The hostel is also within walking distance of some of Bangkok’s most prominent cultural sites. Wat Suthat, the Giant Swing and Wat Saket are all a five minute walk away, while the Grand Palace, Wat Pho and Khao San Road can be reached in 15 to 20 minutes on foot. The nearest skytrain station is a few kilometres away, but a khlong boat pier is nearby. Delicious inexpensive food abounds in this area.

Not your average shared bathrooms.

Not your average shared bathrooms.

First built in 1869, the two-storey shophouse has been in the same family since 1905, and their dedication to preserving its classic spirit is commendable. Long before it was carefully touched up and transformed into a hostel, it had more humble existences as grocery and hardware stores. Faded black-and-white photos decorating the walls throughout the hostel hint at what the area was like in bygone eras.

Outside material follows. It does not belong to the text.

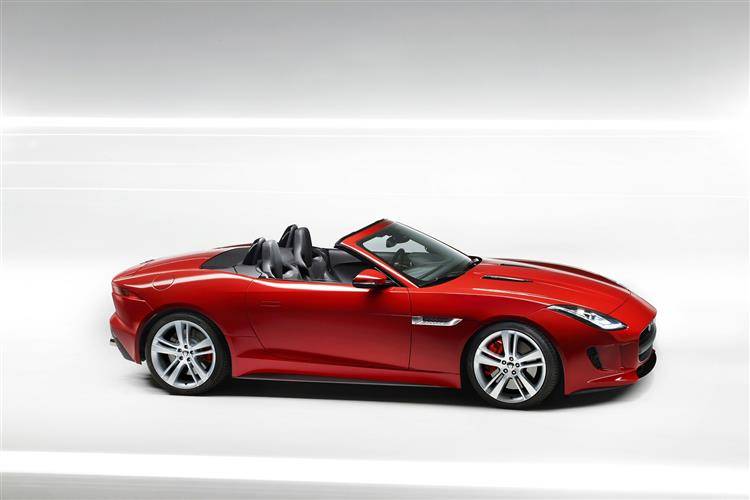 Jaguar F Type Convertible 2010 2015 Used Car Review Car Review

The hostel has preserved many of the building’s original teak wood floors and stairs along with more modern glossy hardwood floors. Dark wood cabinets and doors, dangling glass lanterns, archways and French vanilla paint on the original walls all project the feel of a historic house-turned-museum. An inviting ground floor lobby/cafe with several low-lying tables serves quality coffee, cake and Western-style breakfasts — complimentary if you book a private room.

The lounge is a bit spartan.

The lounge is a bit spartan.

A narrow doorway takes you to an air-conditioned shared living room of sorts, with a flatscreen TV, modest collection of books and DVDs, fridge and love seat. Though comfortable enough, it doesn’t seem to get much use. From there, a steep stairway leads up to a landing where two wider stairwells begin. In another quirky old house feature, these confusingly loop around before meeting near the shared bathrooms.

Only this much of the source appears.